WORK INSTRUCTION
Once "专业炒股配资网平台 美元指数涨超0.3%，一度创去年5月以来新高" turns up in a line below, reproduce that line and those after it exactly, stopping after the line with "Sparrow sitting on a stone"; leave pictures out.

Image-text web data:
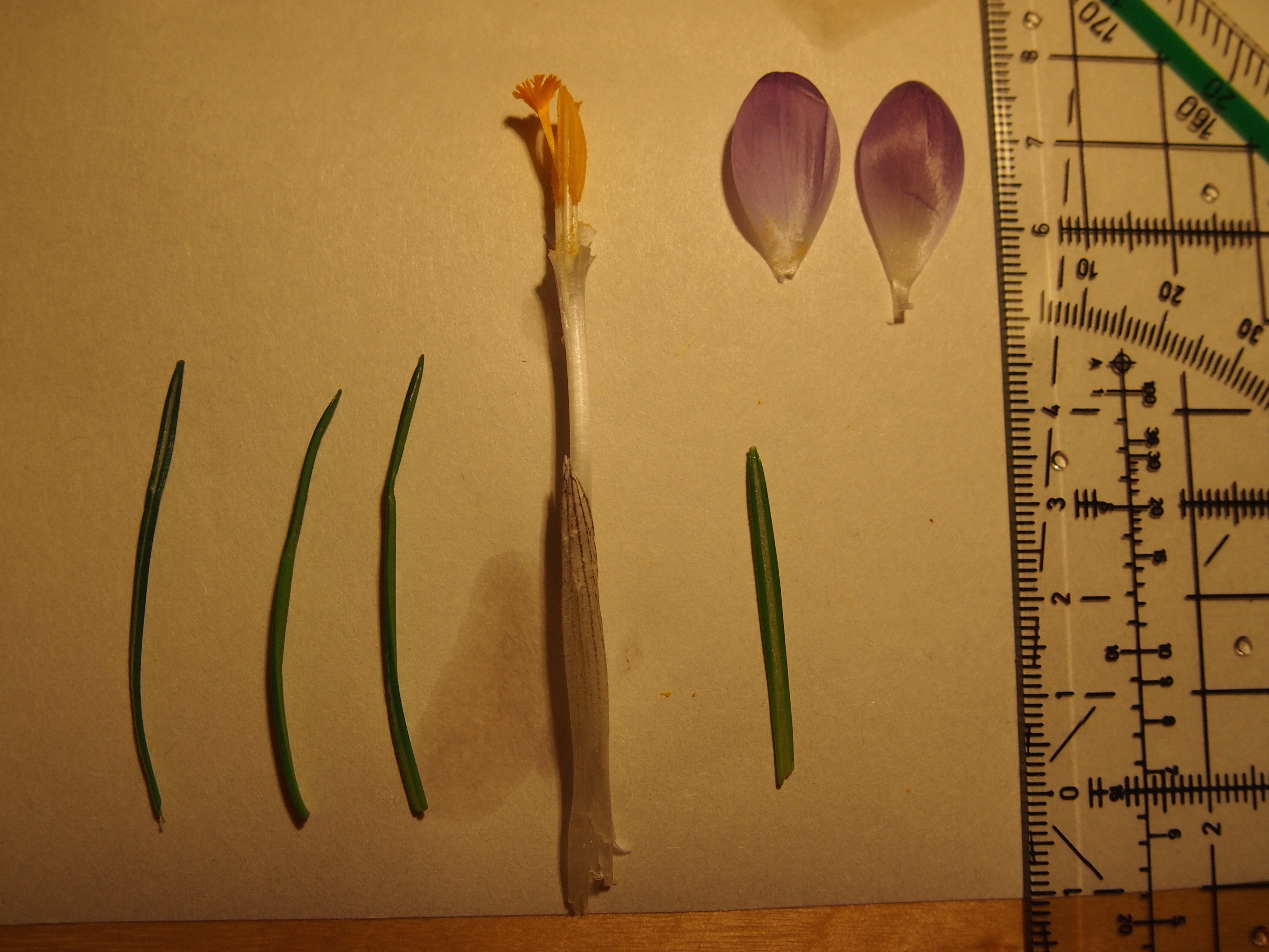 crocus cf. tommasinianus parkrasen hanusch-kh803.JPG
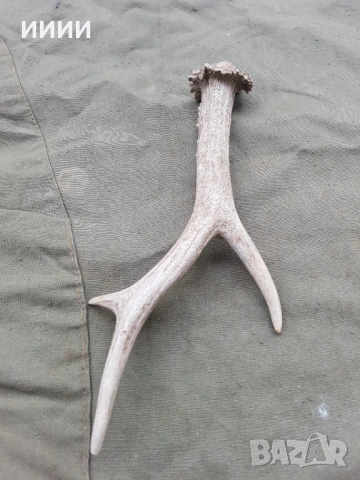 Рог от сръндак 2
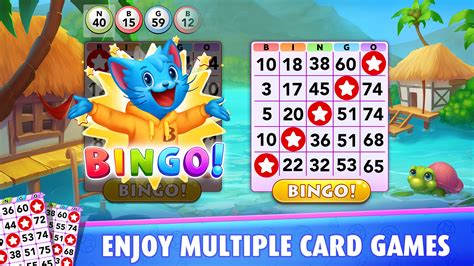 bingo blitz|bingo blitz org.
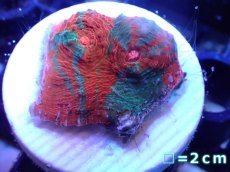 画像1: 【サンゴ】【通販】フラグ キッカサンゴsp.（Rainbow)（個体販売）No.3（生体）（サンゴ） (1)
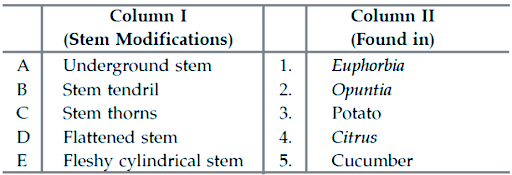 The Stem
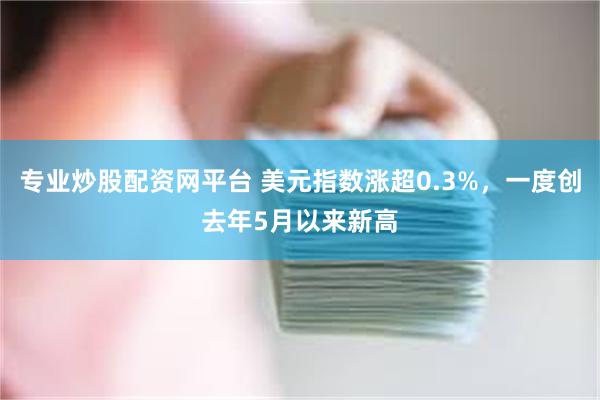 专业炒股配资网平台 美元指数涨超0.3%，一度创去年5月以来新高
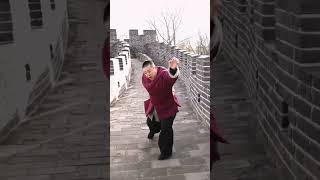 八极拳传武人 一起学习八极拳 #wushu #kungfu #martialarts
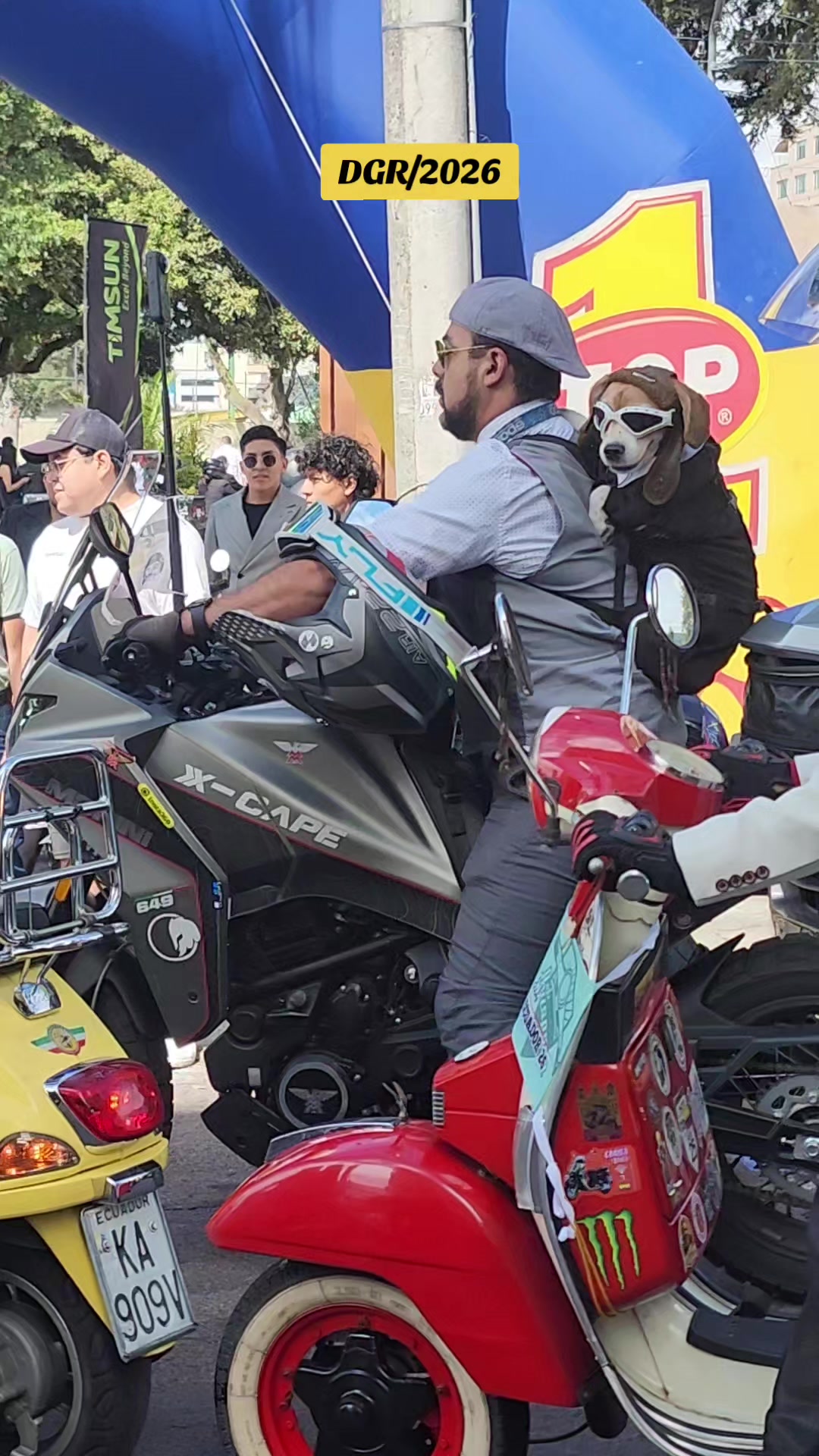 @🏍️D I E G O🏍️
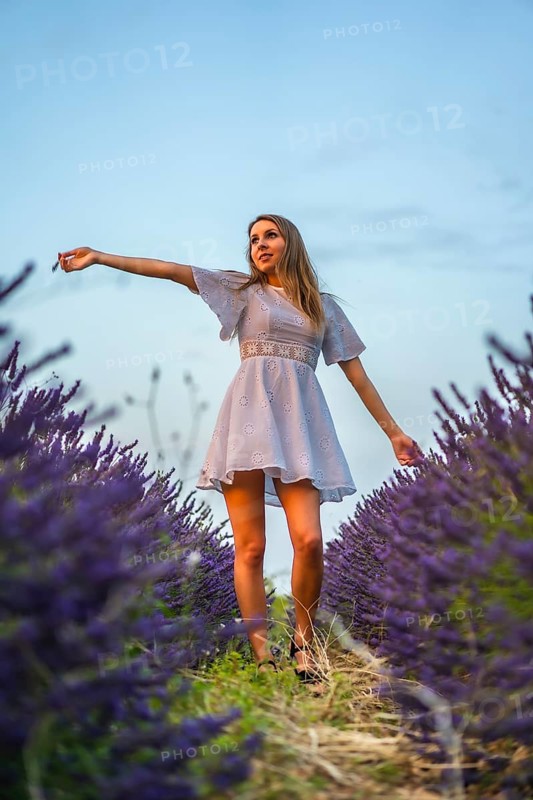 A young blonde Caucasian woman in a white dress in a cultivated lavender field in Navarra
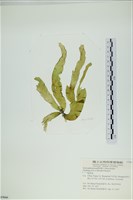 西洋葉苔藏品圖，第3張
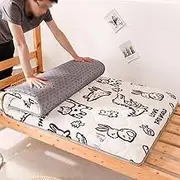 Japanese Futons Mattresses, Folding Soft Tatami Portable Floor Mattress, for Dormitory Guest Bed(B,120 * 200cm)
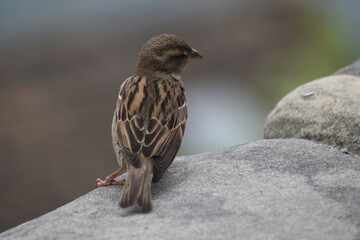 Sparrow sitting on a stone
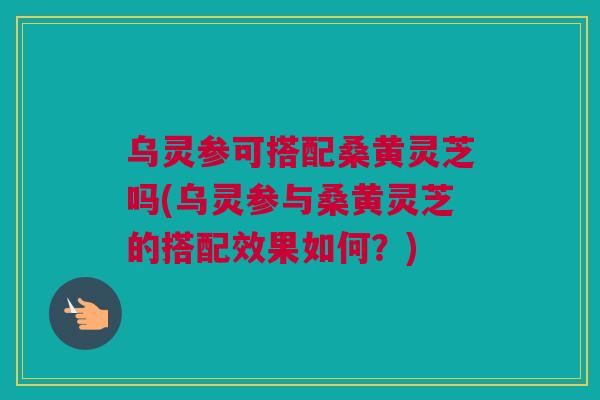乌灵参可搭配桑黄灵芝吗(乌灵参与桑黄灵芝的搭配效果如何？)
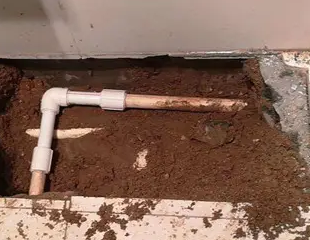 南沙测漏水哪家好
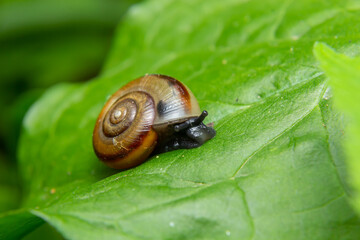 Oxychilus draparnaudi snail, blue body, on a green leaf. macro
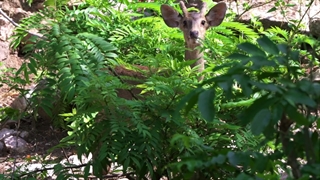 دانلود مستند گربه های وحشی تایلند Thailand’s Wild Cats 2021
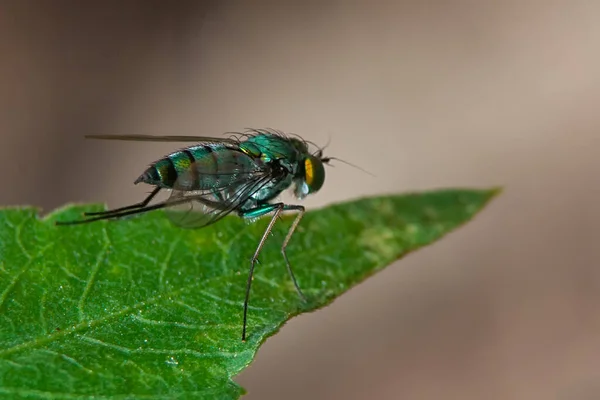 Closeup Shot Fly Green Leaf Blurred Background — Stock Photo, Image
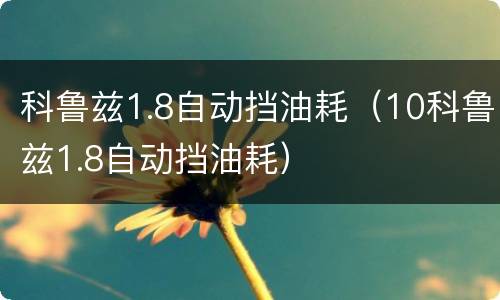 科鲁兹1.8自动挡油耗（10科鲁兹1.8自动挡油耗）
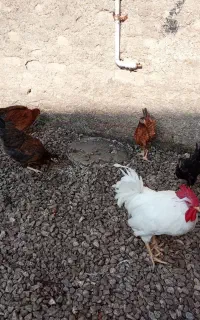 کبوتر و مرغ خروس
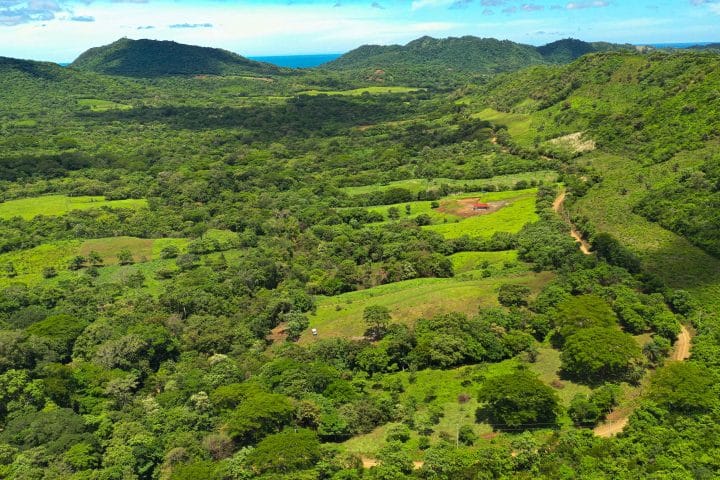 Lush Farm Near Town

SOLUTION FOR THIS PROBLEM
 专业炒股配资网平台 美元指数涨超0.3%，一度创去年5月以来新高
 八极拳传武人 一起学习八极拳 #wushu #kungfu #martialarts
 @🏍️D I E G O🏍️
 A young blonde Caucasian woman in a white dress in a cultivated lavender field in Navarra
 西洋葉苔藏品圖，第3張
 Japanese Futons Mattresses, Folding Soft Tatami Portable Floor Mattress, for Dormitory Guest Bed(B,120 * 200cm)
 Sparrow sitting on a stone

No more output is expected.